Pastor Jeremiah Zhang | 1 Raja-Raja 22:1-14 | 

Hari ini kita melanjutkan untuk membahas tentang Ahab, raja Israel. Kitab 1 Raja-raja menggunakan beberapa pasal untuk mencatat tentang kehidupan Ahab. Ahab itu seperti sebuah contoh pembelajaran yang negatif, dan bukan seorang raja yang baik. Ia bukan saja mencontoh kejahatan dari semua raja Israel, tetapi ia bahkan lebih jahat dari mereka. Meskipun Alkitab memanggil Ahab seorang yang jahat, kita dapat melihat di dua pemahaman Alkitab terakhir kalau bangsa Aram menggambarkan Ahab sebagai seorang raja yang “berbelas kasih”. Ini adalah komentar yang diberikan oleh musuh terhadap Ahab. Mengapa seseorang yang digambarkan sebagai “berbelas kasih” oleh manusia, tetapi dipandang jahat oleh Alkitab? Mengapa Alkitab mengatakan kalau kejahatan Ahab lebih jahat dari semua raja Israel? Bagaimana kejahatannya terlihat? Kita lihat pada 1 Raja-raja 21:20:

1 Raja-Raja 21:20 Kata Ahab kepada Elia:”Sekarang engkau mendapat aku, hai musuhku?” Jawabnya:”Memang sekarang aku mendapat engkau, karena engkau sudah memperbudak diri dengan melakukan apa yang jahat di mata TUHAN.

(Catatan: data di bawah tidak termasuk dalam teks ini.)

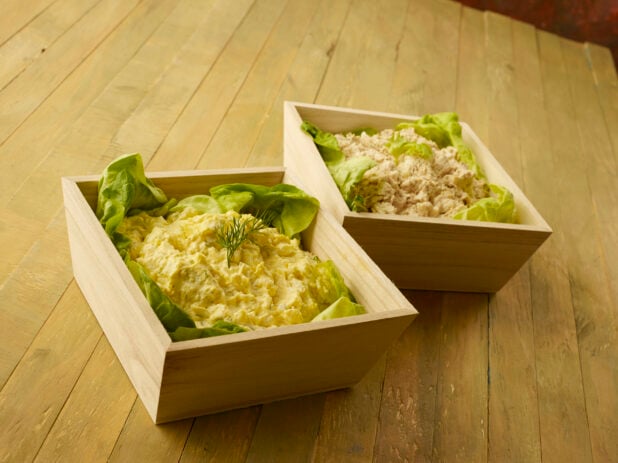 Two wood catering trays with egg and tuna salad on a wood table
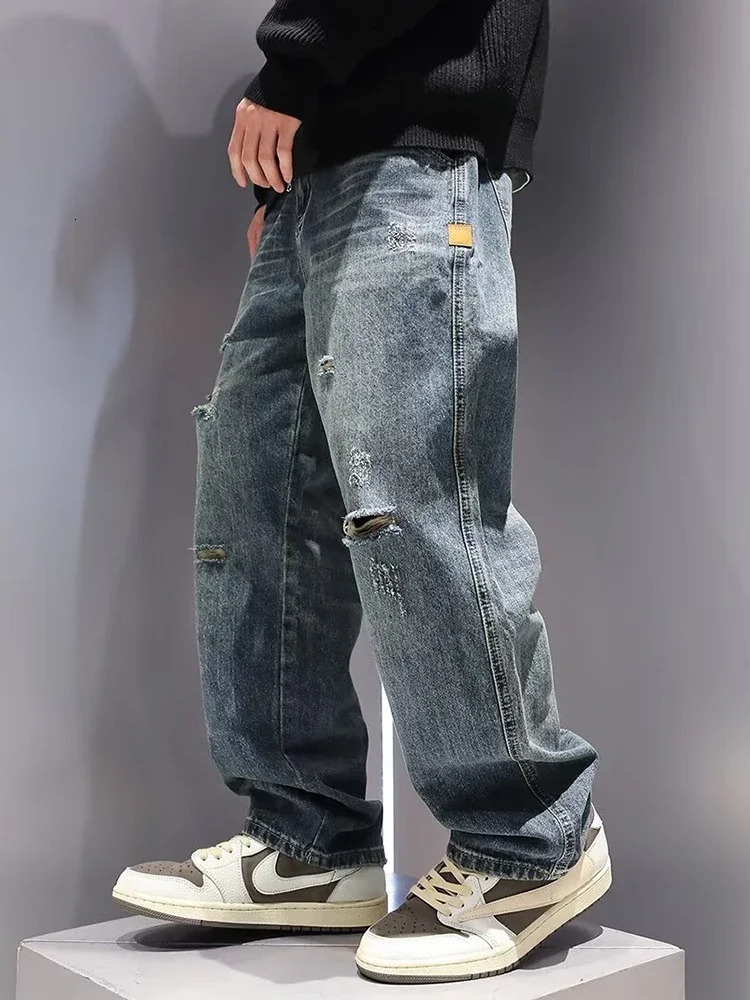 Jeans strappati larghi da uomo Moda Hip Hop Hole Streetwear Pantaloni lavati effetto consumato Pantaloni dritti larghi in denim americano 260922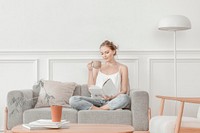 Woman reading while having tea in minimal living room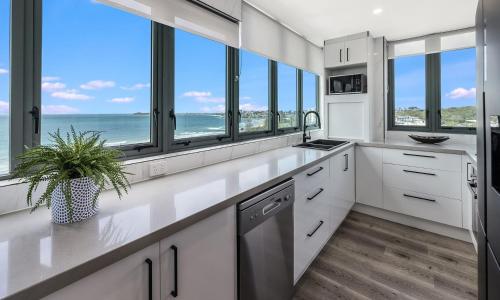 a kitchen with white cabinets and windows and the ocean at Sunny Coast Escapes - Maroochydore in Maroochydore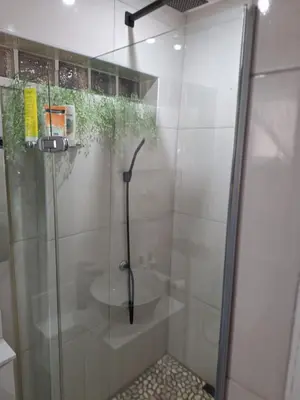 a shower with a glass door in a bathroom at Cosy Cottage Cape Town in Cape Town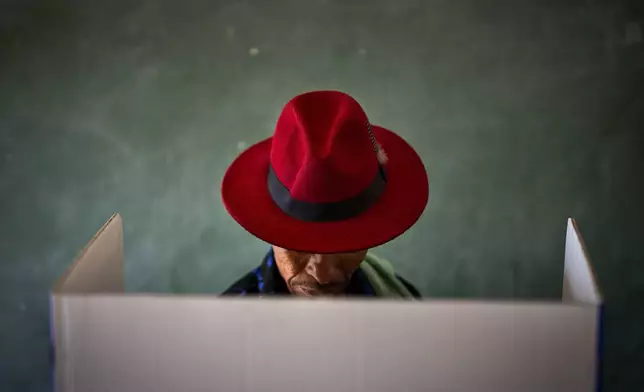 A voter fills out a ballot during general elections in Nkandla, Kwazulu Natal, South Africa, on May 29, 2024. (AP Photo/Emilio Morenatti)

Elia menegur Ahab dengan berkata “Ahab memperbudak dirinya untuk melakukan yang jahat di mata Yahweh”. Perkataan “memperbudak dirinya” muncul hanya 3 kali di kitab Raja-raja, dua kali digunakan pada Ahab, sekali pada rakyat Israel. Hal itu berarti, Ahab tidak hanya seperti raja-raja Israel yang senang melakukan yang jahat di mata Allah, tetapi ia juga memperbudak dirinya dengan melakukan apa yang jahat. Inilah perbedaan antara Ahab dan raja-raja Israel lainnya.

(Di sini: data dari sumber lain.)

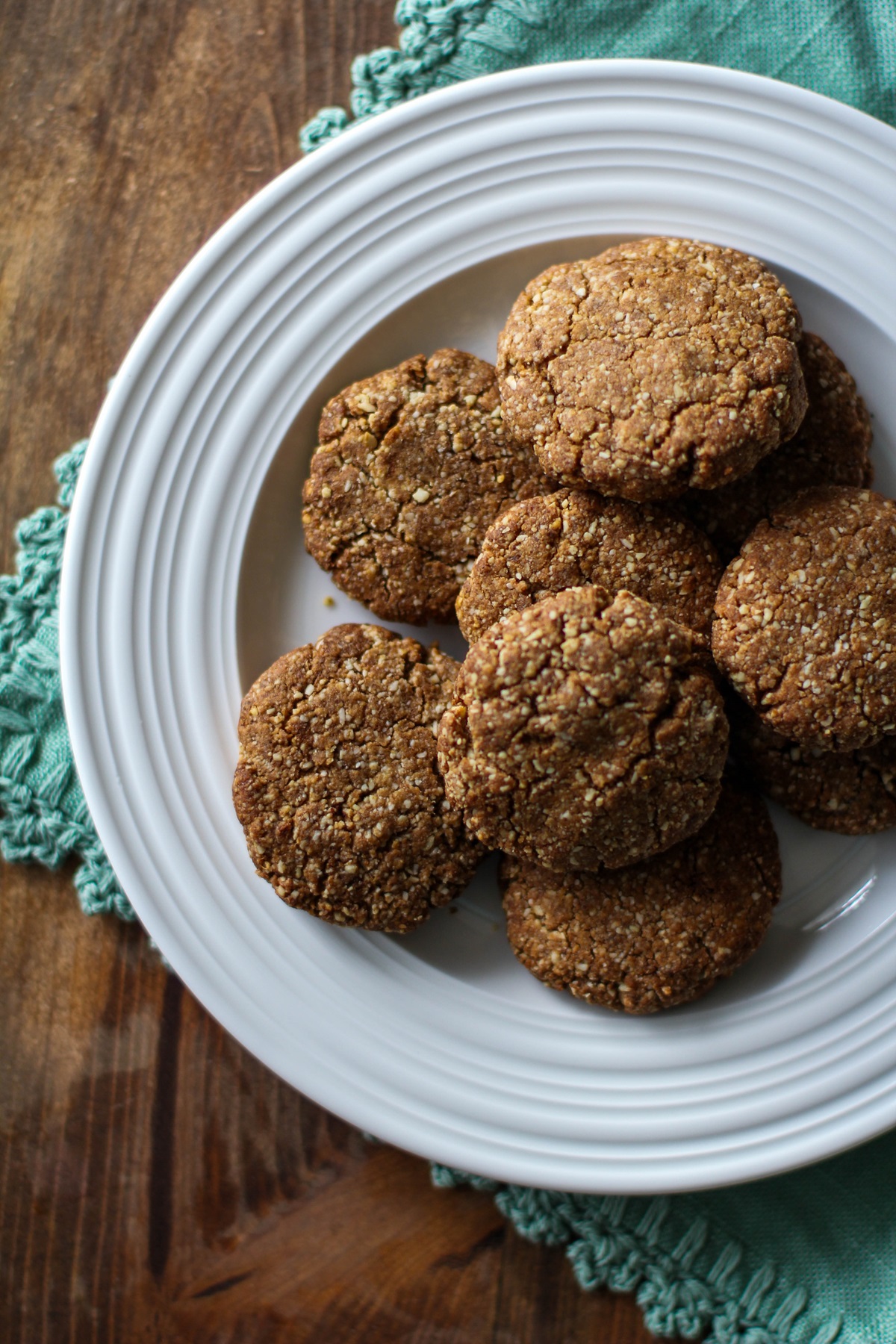 Gingerbread cookies on a white plate with a teal napkin.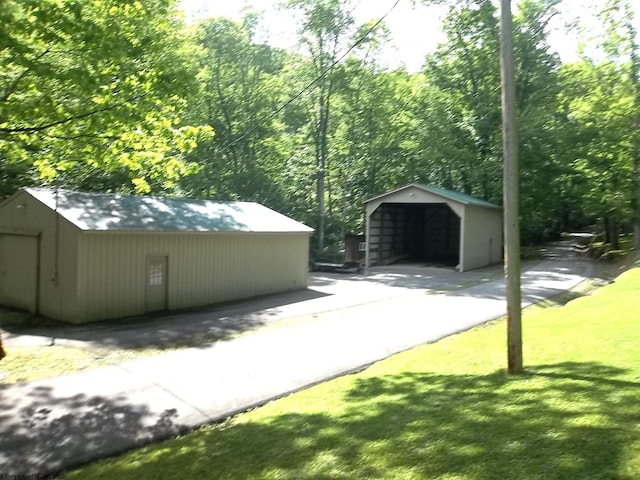 444 Gordon Rd, Beverly, WV 26253 - view of outdoor structure with a carport and a forest view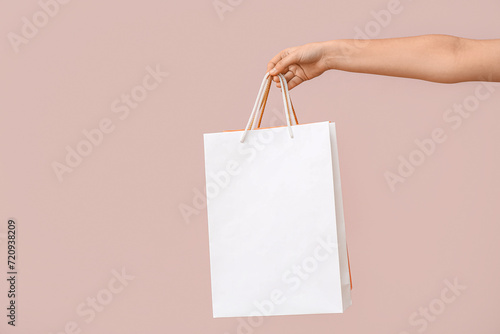 Female hand with paper shopping bags on light background. Valentine's Day celebration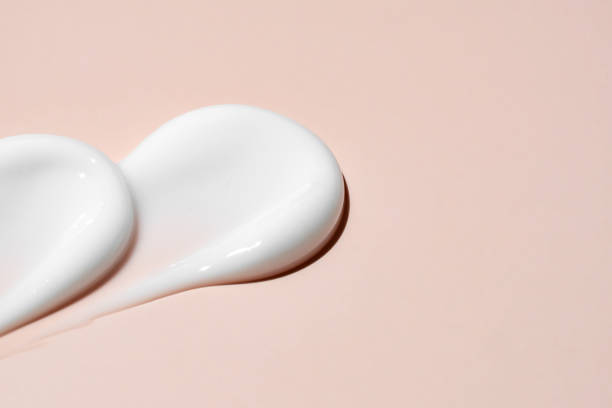 istock White cosmetic face cream or body lotion moisturizer strokes on pastel beige background. Hygiene, skincare product with creamy texture. Beauty face creme smear swatch on color background 2157446910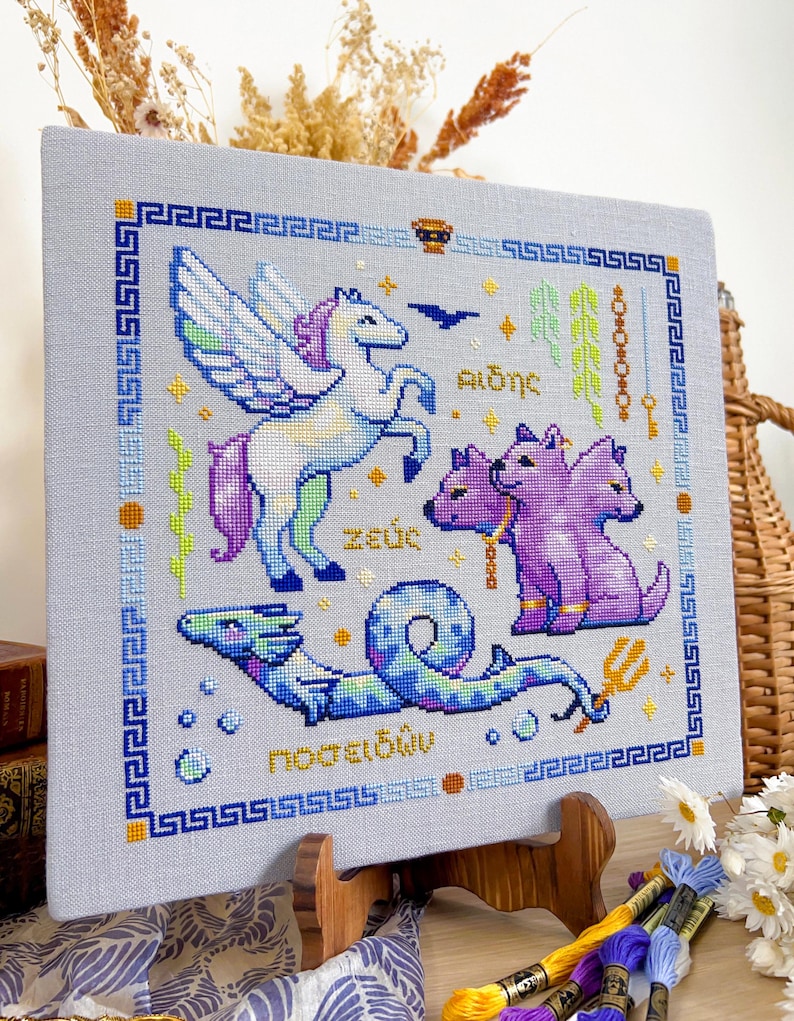 May include: Cross-stitch art featuring mythological creatures: a winged horse, a three-headed dog, and a sea serpent. The design includes Greek text and a blue and gold border. The artwork is displayed on a wooden easel.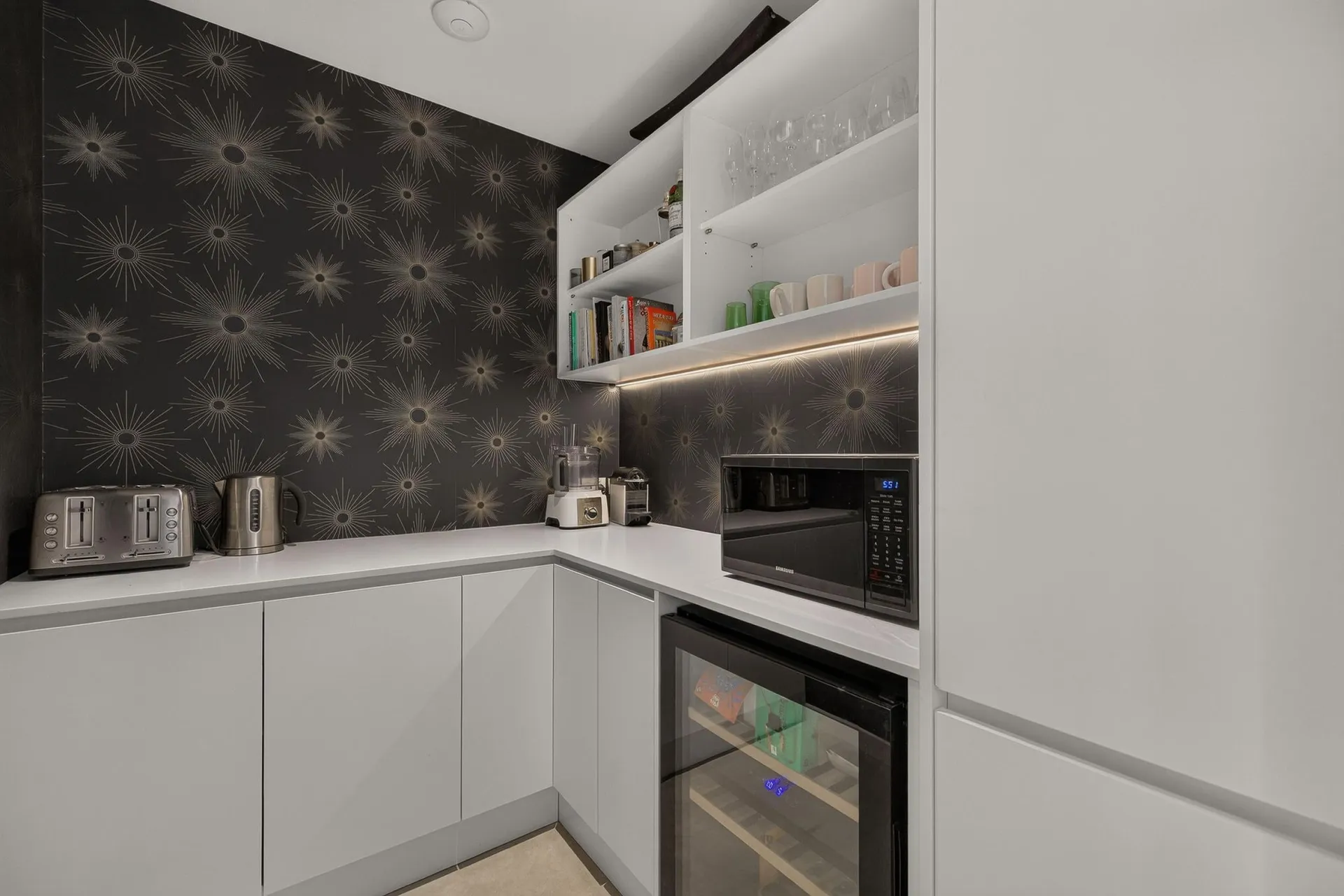 White scullery with lit open shelving, a wine fridge and patterned feature wallpaper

Mengapa nabi Elia menegurnya demikian? Hal itu karena Ahab telah mengambil kebun anggur Nabot. Sebagai raja Israel, Ahab tidak hanya gagal menjaga dan melindungi rakyatnya, tetapi malah sebaliknya yang terjadi, ia membunuh seseorang yang baik demi untuk mendapatkan sebuah kebun anggur (kita sudah pernah membahas tentang insiden ini, kita tidak akan membahasnya lagi hari ini). Sudah tentu, Ahab tidak memerintahkan untuk membunuh Nabot, itu adalah konspirasi yang diatur oleh Izebel. Tetapi Allah tetap menaruh dosa ini ke atasnya karena ialah raja Israel. Ia tidak memerintah umat Allah sesuai dengan hukum dan kebenaran Allab. Terlebih lagi, ia membiarkan ratu untuk membunuh seseorang yang tidak bersalah.

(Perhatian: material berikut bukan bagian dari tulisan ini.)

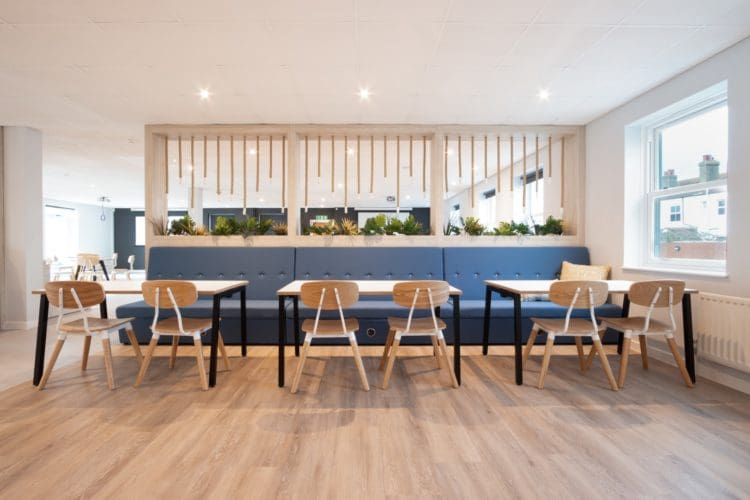 Coffee shop style seating for a coworking office with low level power points
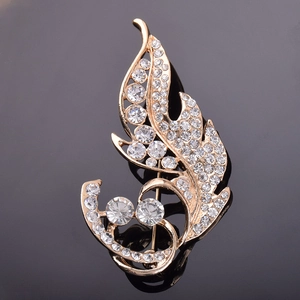 Vue détaillée d'une broche feuille dorée ornée de cristaux blancs scintillants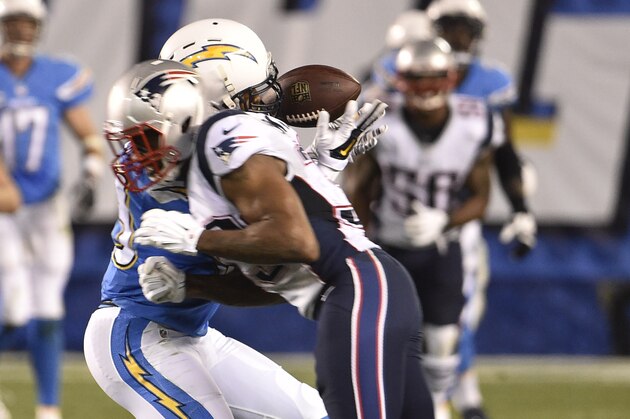 San Diego Chargers tight end Ladarius Green is hit by New England Patriots cornerback Brandon Browner during the second half in an NFL football game Sunday, Dec. 7, 2014, in San Diego. (AP Photo/Denis Poroy)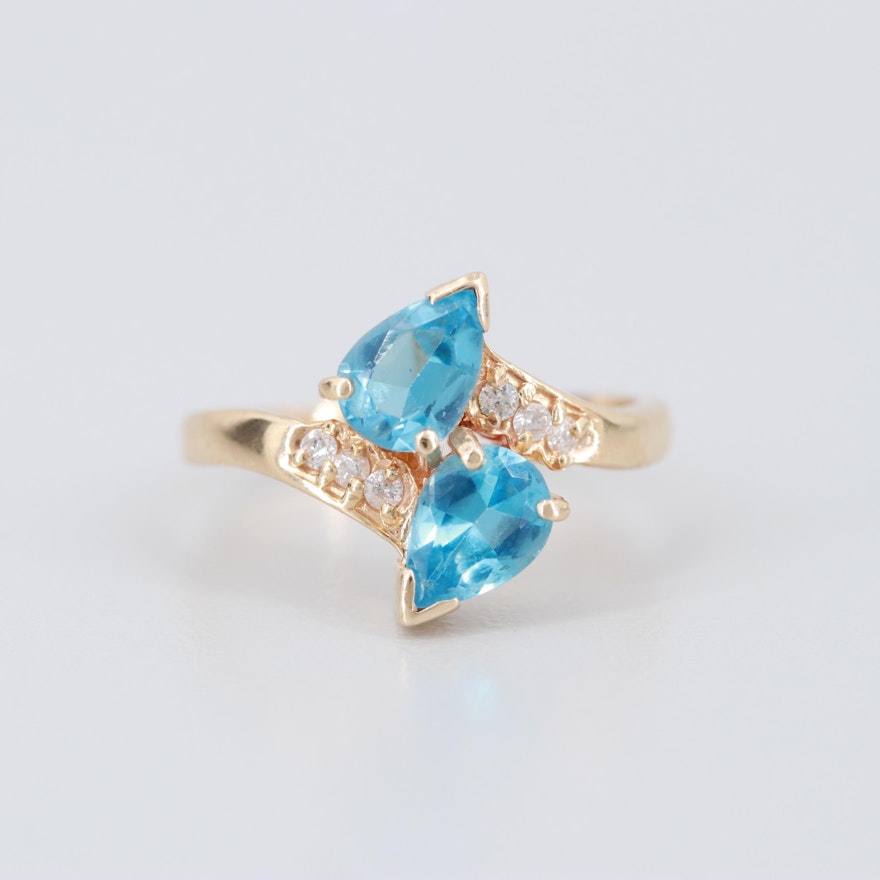 14K Yellow Gold Blue Topaz and Diamond Bypass Ring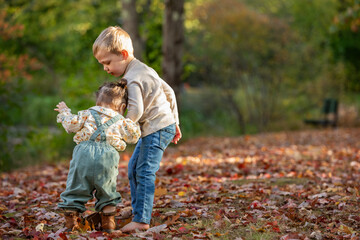 A brother helps his toddler sister walk in the park
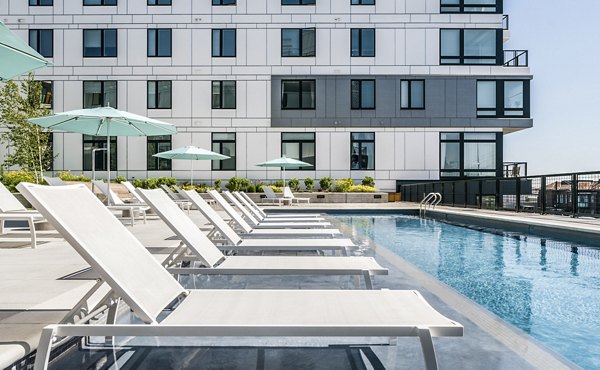Sunlit lounge chairs by the pool at 500 Ocean Ave Apartments, perfect for relaxation with luxury amenities for a resort-style experience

Meskipun Ahab tidak membunuh Nabot secara langsung, ia hanya diam saja dan membiarkan Izebel melakukannya lewat suatu konspirasi. Sama seperti sebagian orang-orang Kristen yang memiliki dendam terhadap orang-orang tertentu, ingin memberitahukan orang lain kalau orang itu tidaklah baik. Tetapi ia tahu kalau hal itu tidaklah menyenangkan Allah, sehingga ia hanya dapat menahannya dan tidak melakukan apapun untuk sementara waktu. Ketika ada orang lain yang mengatakan kalau orang tersebut tidaklah baik, maka mereka hanya akan berdiri di pinggir dan menonton, berharap untuk melepaskan ketidakpuasan mereka melalui orang lain. Meskipun mereka tidak melakukan kejahatan apapun secara langsung, mereka mendukung orang lain dari balik layar untuk melakukan kejahatan dan lalu mereka dapat menuai buahnya. Kejahatan yang demikian adalah lebih buruk daripada yang dilakukan secara langsung. Allah pasti akan melihatnya.

Bagaimana Ahab “memperbudak dirinya”? Kita melanjutkan untuk membaca sebuah perikop dari Alkitab di 1 Raja-raja 21:25-26:

1 Raja-Raja 21:25-26 Sesungguhnya tidak pernah ada orang seperti Ahab yang memperbudak diri dengan melakukan apa yang jahat di mata TUHAN, karena ia telah dibujuk oleh Izebel, isterinya. Bahkan ia telah berlaku sangat keji dengan mengikuti berhala- berhala, tepat seperti yang dilakukan oleh orang Amori yang telah dihalau TUHAN dari depan orang Israel.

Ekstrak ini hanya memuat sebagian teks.